Of all the rich chemicals in the amazing organ we call the brain, dopamine plays one of the most dramatic roles. Too little dopamine can cause slowed movement, apathy and lack of motivation. Too much dopamine is associated with schizophrenia and other mental illnesses. The correct balance of dopamine gives our brain and nervous system plasticity, the ability to move and think effortlessly and to keep a healthy balance in our emotions. The exotic brain chemistry that produces this range of behaviors is complex but well-understood enough so that new therapies for dopamine imbalances may soon be developed. This will be good news for depressives, Parkinson's disease patients and addicts seeking wellness.
Dopamine's Effects on Nervous System
Dopamine is a key neurotransmitter in the brain that affects physical movement, emotional response and the ability to experience pleasure or pain. Levels of dopamine are regulated by the interaction of the adenosine and dopamine system. Too little dopamine is a sign of Parkinson's disease; too much dopamine is characteristic of schizophrenia and some other mental disorders.
"Recreational" drugs like cocaine, amphetamines, heroin and alcohol all affect the dopamine system and cause different effects from euphoria to agitation, depending on how well the drugs mimic dopamine and the specific dopamine receptors that are either stimulated or blocked, according to the University of Texas Addiction Science Research and Education Center.
Dopamine agonists are drugs that act directly to stimulate dopamine receptors. L-DOPA is a drug that is given to Parkinson's disease patients to replace the missing dopamine in their brains.
Antagonists Reverse Dopamine Effects
Dopamine antagonists are drugs that reverse the effects of dopamine in the brains of patients such as schizophrenics whose systems overflow with the neurotransmitter. These drugs attach to dopamine receptors to block the effects of too much dopamine in the system. These drugs blunt the overproduction of dopamine to create a balance within the adenosine and dopamine system.
A naturally-occurring enzyme called monoamine oxidase, or MAO, quickly breaks down dopamine, but a drug called deprenyl reverses the effects of MAO, increases the level of dopamine and is effective in slowing the progression of Parkinson's disease, according to the University of Texas. Higher doses of deprenyl augment the beneficial effects of dopamine in Parkinson's patients.
Sensitization and Tolerance
Street drugs such as cocaine and amphetamine also boost production of dopamine by preventing its reuptake, or recycling, into neurons in the brain. Dopamine levels remain high for long periods of time and generate pleasurable feelings. Methylphenidate, often prescribed to treat children with attention deficit disorder/hyperkenisis disorder, or ADD/HD, also stimulates production of dopamine.
The way that neurons respond to dopamine is at the heart of drug addiction. Long-term treatment with dopamine antagonists causes the brain to produce more dopamine receptors, which are more sensitive to dopamine. This process is called sensitization.
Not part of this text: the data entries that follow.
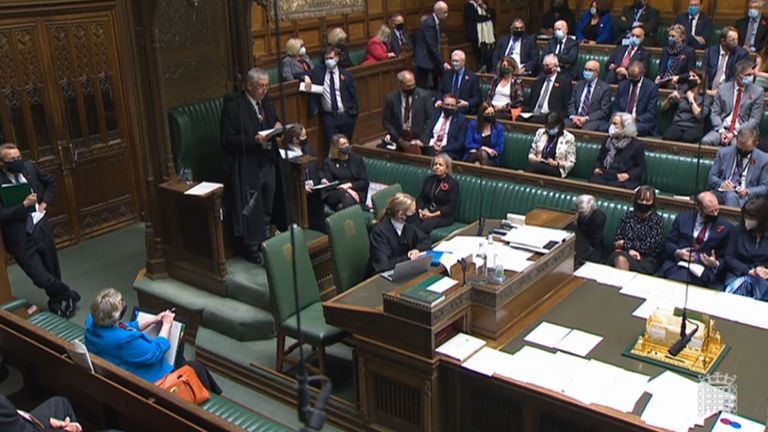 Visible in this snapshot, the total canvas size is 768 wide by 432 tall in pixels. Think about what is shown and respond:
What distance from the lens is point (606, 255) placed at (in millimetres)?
5770

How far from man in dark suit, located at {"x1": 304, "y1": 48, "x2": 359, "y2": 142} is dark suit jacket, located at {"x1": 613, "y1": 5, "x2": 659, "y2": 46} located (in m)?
4.57

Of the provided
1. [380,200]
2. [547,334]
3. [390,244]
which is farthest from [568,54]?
[547,334]

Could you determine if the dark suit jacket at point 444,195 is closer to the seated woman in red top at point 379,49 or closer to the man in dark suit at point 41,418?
the man in dark suit at point 41,418

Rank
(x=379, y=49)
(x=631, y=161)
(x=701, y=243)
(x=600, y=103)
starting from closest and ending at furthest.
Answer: (x=701, y=243) < (x=631, y=161) < (x=600, y=103) < (x=379, y=49)

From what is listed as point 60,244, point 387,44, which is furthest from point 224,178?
point 387,44

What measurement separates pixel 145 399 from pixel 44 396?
1064 millimetres

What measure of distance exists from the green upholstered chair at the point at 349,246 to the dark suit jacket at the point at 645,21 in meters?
6.91

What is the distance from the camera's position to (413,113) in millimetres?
7730

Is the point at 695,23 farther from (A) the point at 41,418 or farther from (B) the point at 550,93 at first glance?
(A) the point at 41,418

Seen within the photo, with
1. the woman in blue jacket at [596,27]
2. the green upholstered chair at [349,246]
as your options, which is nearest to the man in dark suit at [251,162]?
the green upholstered chair at [349,246]

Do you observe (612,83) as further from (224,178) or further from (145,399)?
(145,399)

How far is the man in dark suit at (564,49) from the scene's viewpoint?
30.8 feet

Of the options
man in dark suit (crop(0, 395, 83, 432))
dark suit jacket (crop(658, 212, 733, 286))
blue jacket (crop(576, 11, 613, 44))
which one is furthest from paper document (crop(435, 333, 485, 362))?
blue jacket (crop(576, 11, 613, 44))

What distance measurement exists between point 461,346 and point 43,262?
11.2 ft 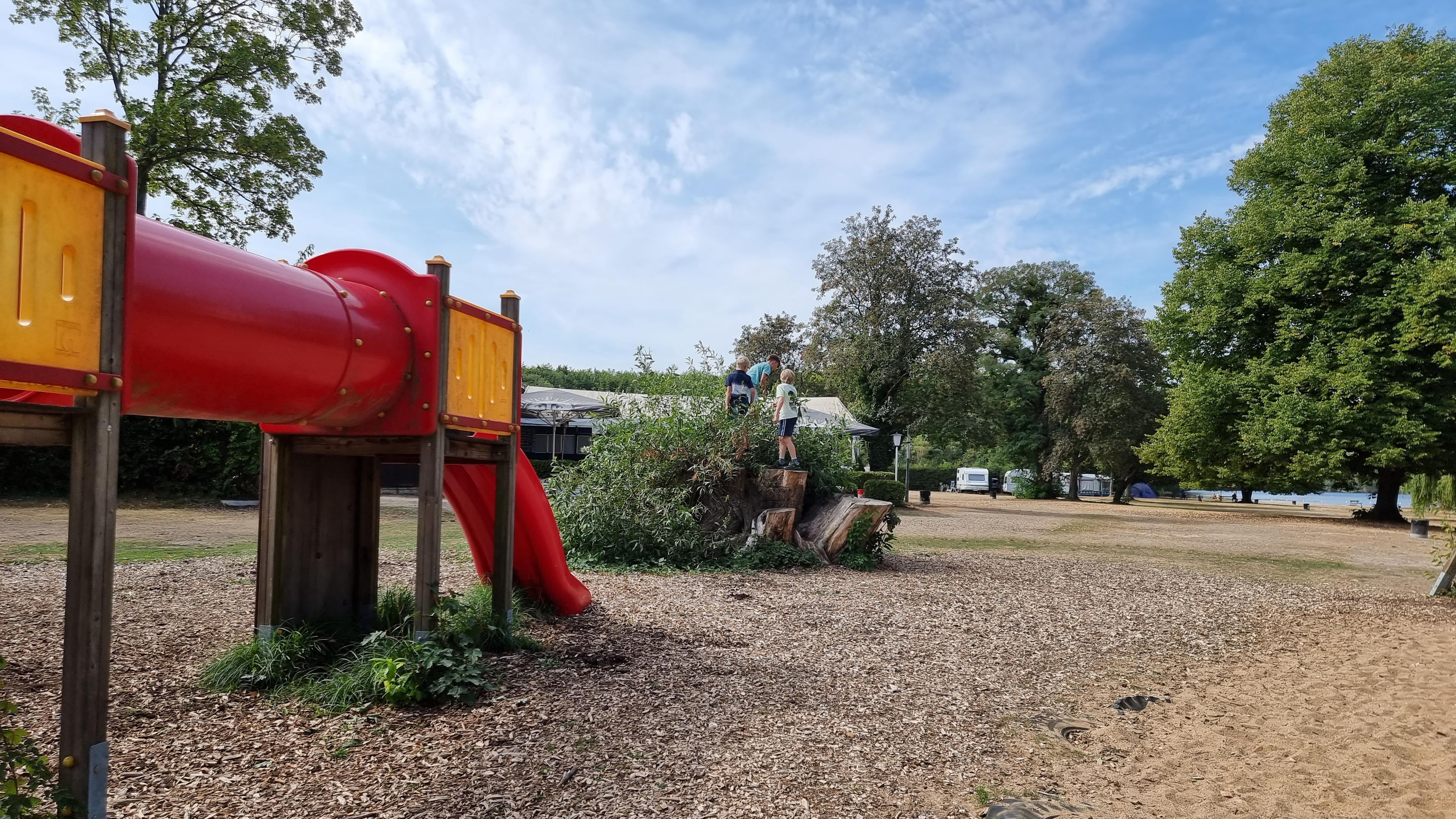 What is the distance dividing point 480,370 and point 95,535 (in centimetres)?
237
Tolerance, or desensitization, results when the effects of repeated use of a drug decline sharply as the nervous system struggles to maintain equilibrium. Both sensitization and tolerance can develop after just one exposure to a drug.
The Adenosine-Dopamine System
Imbalances in the adenosine-dopamine system can have profound effects on motivation and apathy. The spaced-out condition of a drug addict and the slowing of psychomotor reflexes in Parkinson's disease patients seem to share a similar chemistry.
A 2006 study at the University of Connecticut using rats to test the effects on effort-related eating behavior found that rats whose dopamine had been depleted chose not to perform tasks with a high food reward if they required a high response. The animals were injected with the antipsychotic drug haloperidol, which is a dopamine antagonist, or inhibitor.
But administration of an adenosine antagonist drug reversed the effects of haloperidol in a dose-related pattern. In other words, the test demonstrated how bringing the adenosine-dopamine system into balance reversed the apathy and low energy of the rats.
Implications for New Drugs
The scientists believe this finding "may have implications for the treatment of psychiatric symptoms such as psychomotor slowing," they said in their paper published in the Oct. 27, 2006, issue of Psychopharmacology. They speculate that adenosine antagonist drugs might be effective against symptoms of depression and other psychiatric illnesses.
"There are striking similarities between the characteristics of parkinsonian bradykinesia (slowness) and psychomotor slowing in affective disorders," the authors noted.